-- To do --
Each line below containing the word "kitchen" needs to be shown.

-- The data --
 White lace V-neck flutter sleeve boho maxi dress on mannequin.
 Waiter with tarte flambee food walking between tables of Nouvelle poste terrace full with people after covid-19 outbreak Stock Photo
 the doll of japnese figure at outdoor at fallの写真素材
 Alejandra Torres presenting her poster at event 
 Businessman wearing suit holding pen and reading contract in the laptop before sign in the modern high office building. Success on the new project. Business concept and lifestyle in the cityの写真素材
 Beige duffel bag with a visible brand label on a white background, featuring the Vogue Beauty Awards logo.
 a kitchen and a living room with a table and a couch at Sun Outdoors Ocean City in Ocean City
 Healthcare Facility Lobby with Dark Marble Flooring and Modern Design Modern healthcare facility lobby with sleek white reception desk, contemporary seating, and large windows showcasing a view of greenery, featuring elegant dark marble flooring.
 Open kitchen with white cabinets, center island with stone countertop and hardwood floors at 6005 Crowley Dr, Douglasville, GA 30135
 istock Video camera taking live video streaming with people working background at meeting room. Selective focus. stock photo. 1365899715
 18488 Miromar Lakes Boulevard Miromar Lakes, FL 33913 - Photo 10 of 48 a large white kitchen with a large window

...

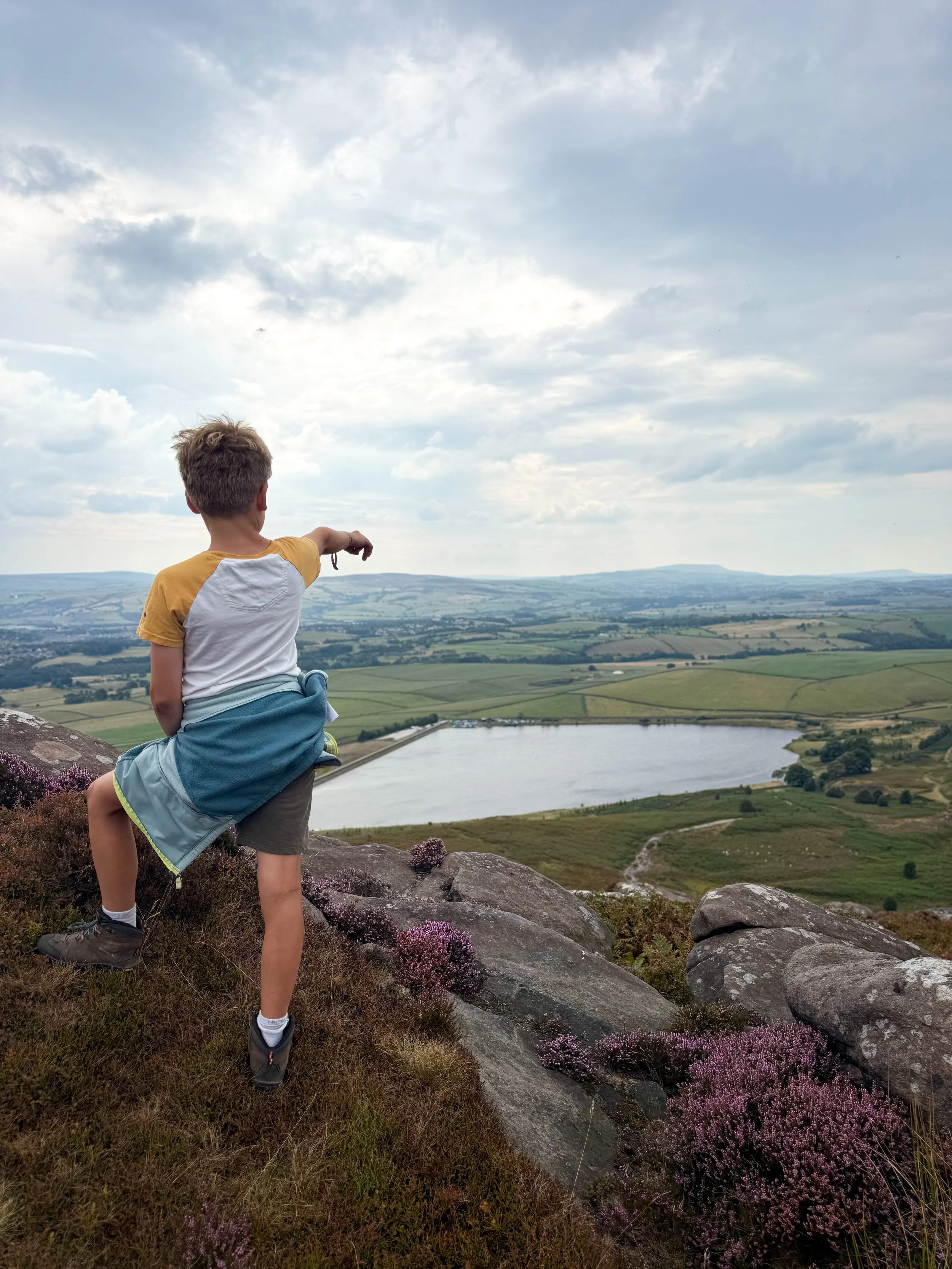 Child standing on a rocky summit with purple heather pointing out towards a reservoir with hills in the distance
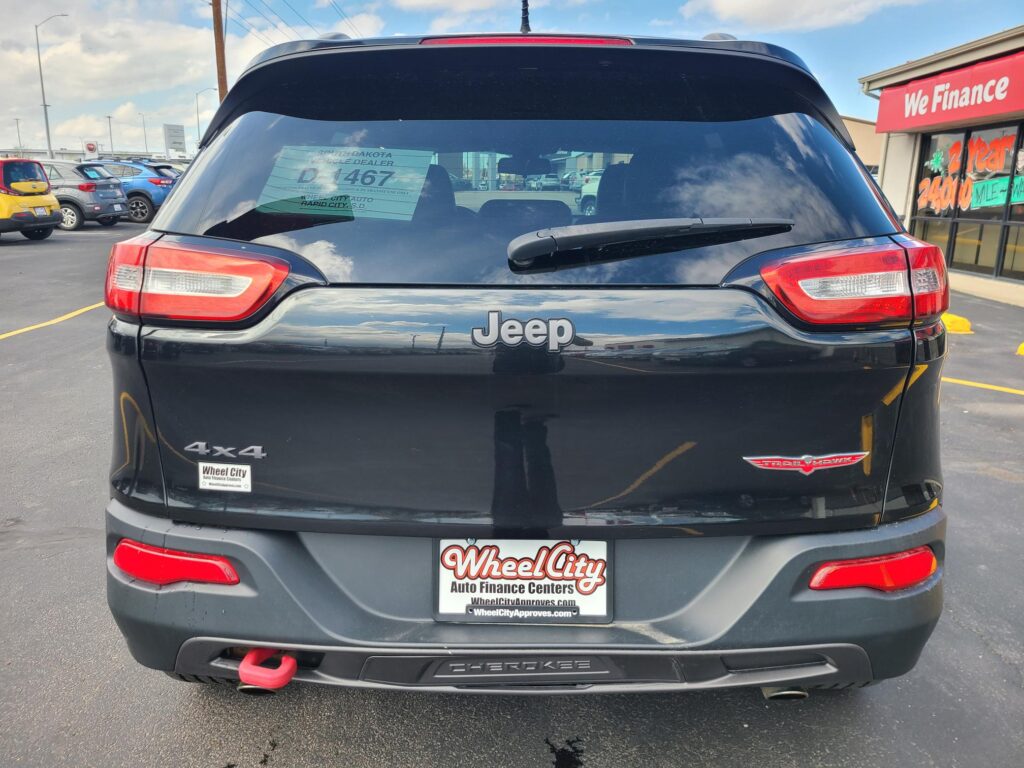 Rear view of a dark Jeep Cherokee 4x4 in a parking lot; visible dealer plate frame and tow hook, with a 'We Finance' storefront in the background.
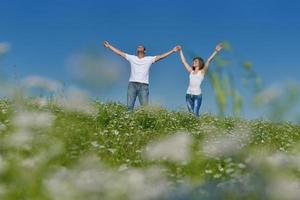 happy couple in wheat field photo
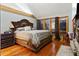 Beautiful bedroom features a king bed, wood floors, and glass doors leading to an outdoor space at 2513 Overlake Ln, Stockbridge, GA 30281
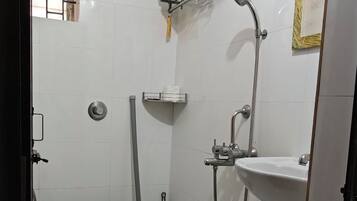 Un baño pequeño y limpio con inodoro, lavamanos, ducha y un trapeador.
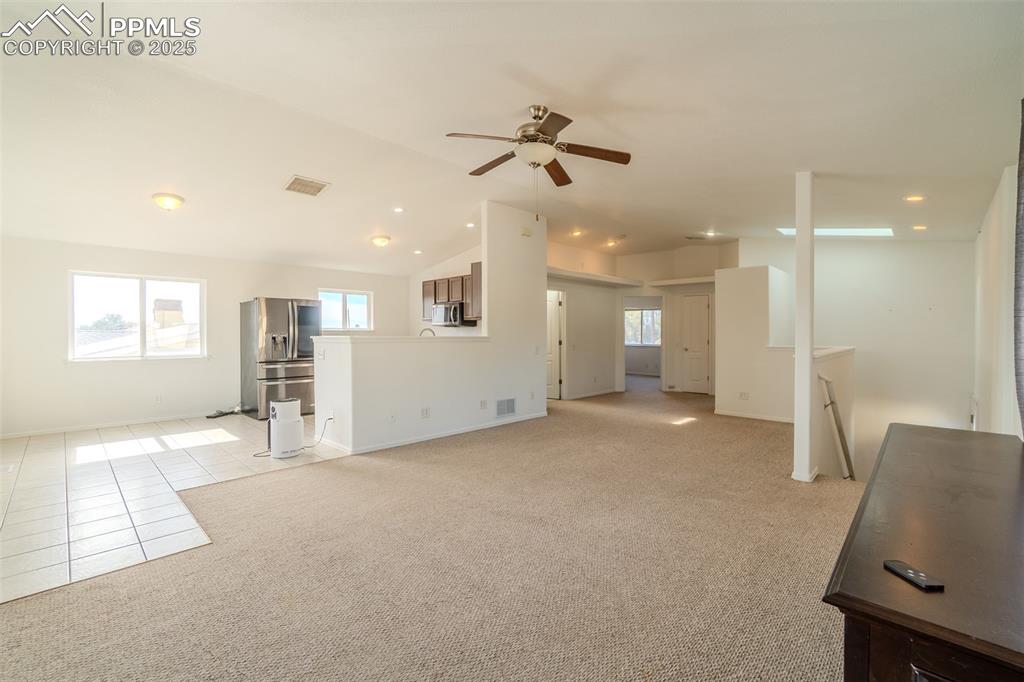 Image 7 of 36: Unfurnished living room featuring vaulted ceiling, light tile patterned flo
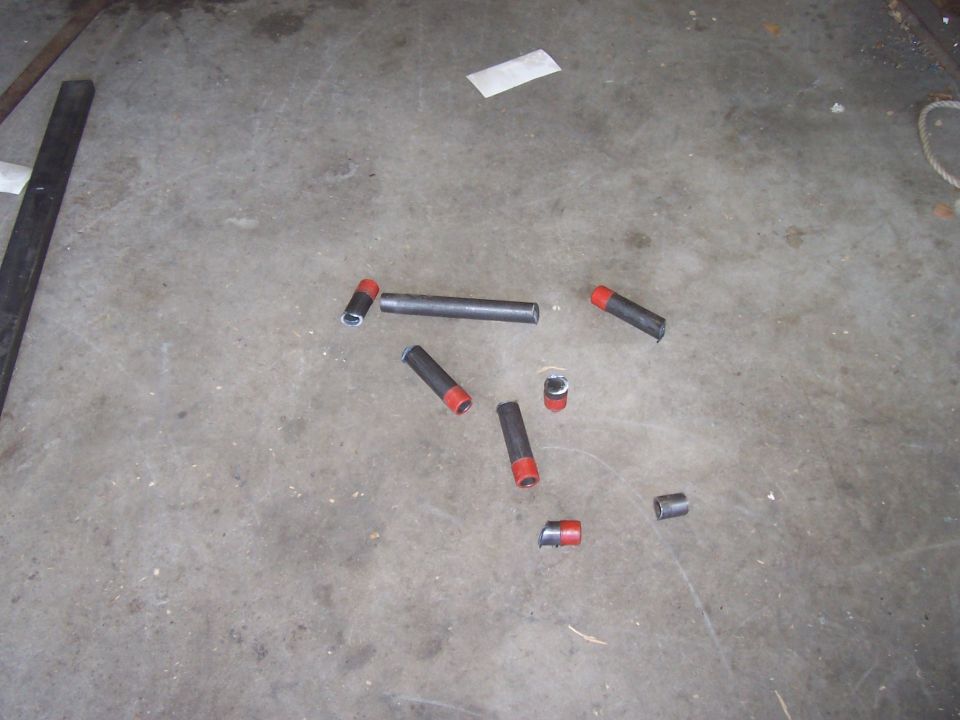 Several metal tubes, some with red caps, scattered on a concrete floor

---

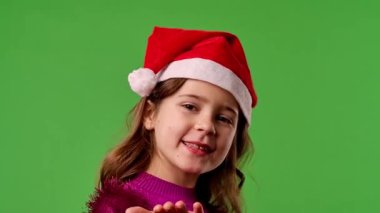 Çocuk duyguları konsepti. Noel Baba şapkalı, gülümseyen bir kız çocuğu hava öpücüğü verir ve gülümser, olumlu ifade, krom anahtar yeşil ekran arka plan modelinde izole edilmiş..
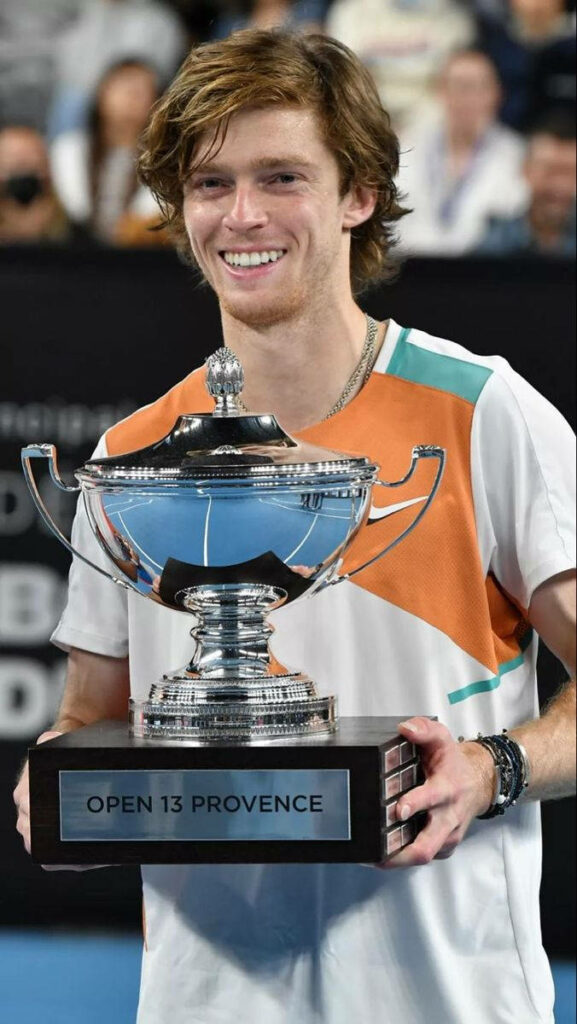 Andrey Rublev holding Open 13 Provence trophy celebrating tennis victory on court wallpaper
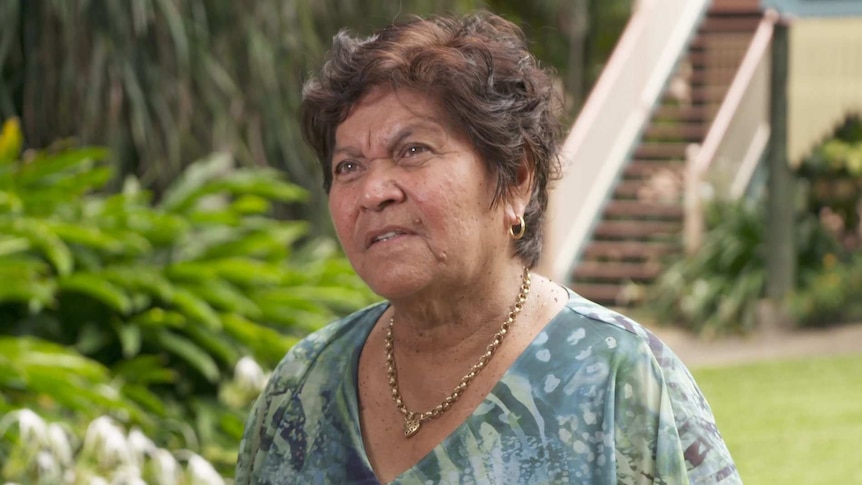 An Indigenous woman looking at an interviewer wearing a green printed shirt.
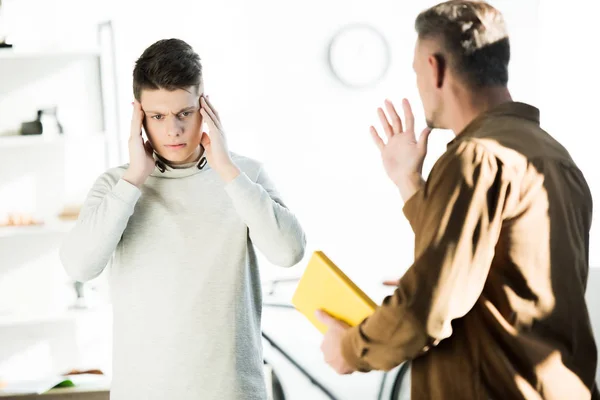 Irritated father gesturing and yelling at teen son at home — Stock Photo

-- Response to this exercise --
 a kitchen and a living room with a table and a couch at Sun Outdoors Ocean City in Ocean City
 Open kitchen with white cabinets, center island with stone countertop and hardwood floors at 6005 Crowley Dr, Douglasville, GA 30135
 18488 Miromar Lakes Boulevard Miromar Lakes, FL 33913 - Photo 10 of 48 a large white kitchen with a large window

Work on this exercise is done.